When you write out the listing, keep each word exactly as it stands but include none of its images.

▶ **Records for the exercise**
== Segment start ==

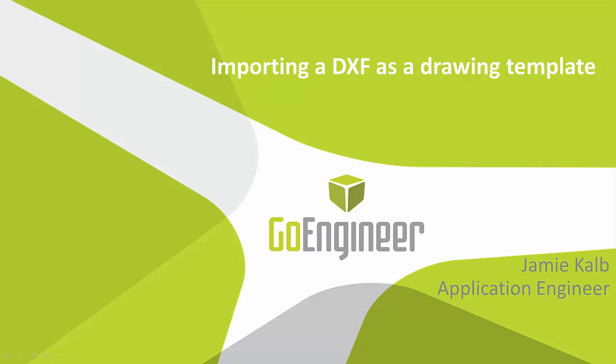In this video I'll show you how to import a DXF file to create a drawing template in SolidWorks. I'll take you through what DXFs are, how to import them, and how to set up drawing sheet formats and templates.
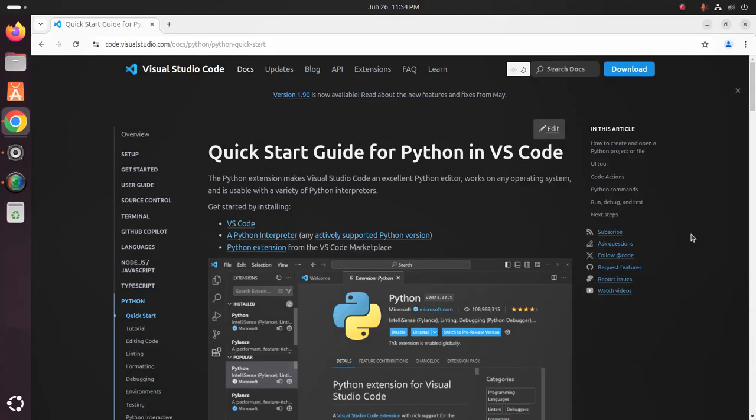Welcome back to my channel. In this tutorial, we are going to learn how to set up a Python development environment on Visual Studio Code by following its official documentation. Let's get started.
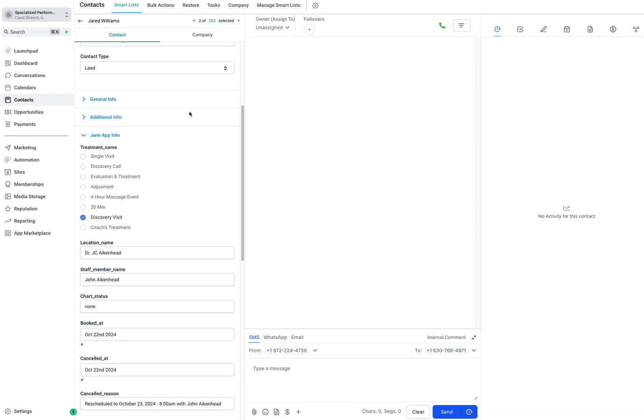As you can see, we get all the contact information at the top. I'm not going to show you the emails and phone numbers, obviously, but that's coming through. This is HIPAA compliant as well.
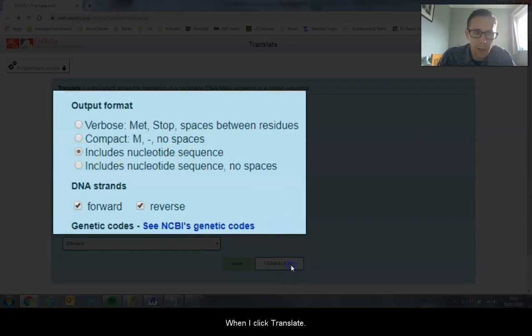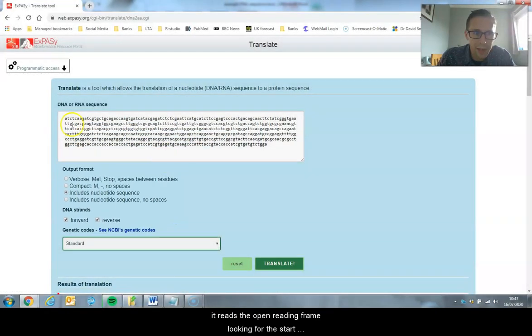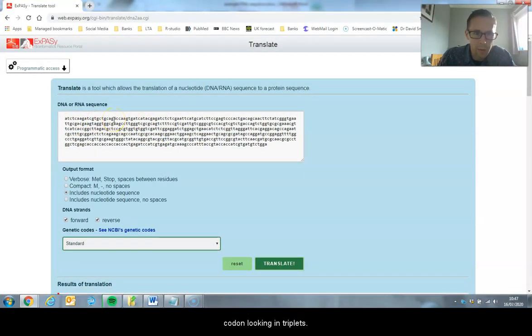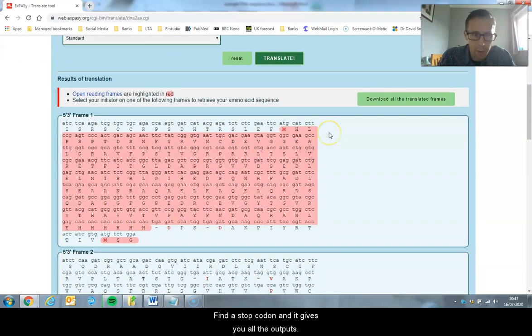When I click Translate, the tool reads the open reading frame looking for the start codon, looking in triplets until it finds a stop codon. It then gives you all the outputs below.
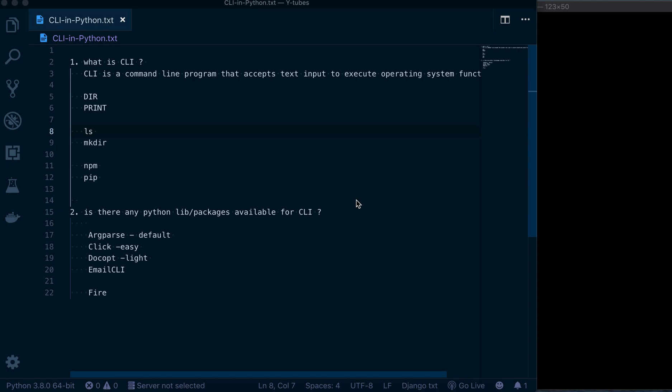Hi, welcome to Python programming. Here I am going to talk about the command line interfaces — what is the command line interface, what is the use of it, and how we can use the same concept in Python.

== Segment end ==

▶ **Completed exercise**
In this video I'll show you how to import a DXF file to create a drawing template in SolidWorks. I'll take you through what DXFs are, how to import them, and how to set up drawing sheet formats and templates.
Welcome back to my channel. In this tutorial, we are going to learn how to set up a Python development environment on Visual Studio Code by following its official documentation. Let's get started.
As you can see, we get all the contact information at the top. I'm not going to show you the emails and phone numbers, obviously, but that's coming through. This is HIPAA compliant as well.
When I click Translate, the tool reads the open reading frame looking for the start codon, looking in triplets until it finds a stop codon. It then gives you all the outputs below.
Hi, welcome to Python programming. Here I am going to talk about the command line interfaces — what is the command line interface, what is the use of it, and how we can use the same concept in Python.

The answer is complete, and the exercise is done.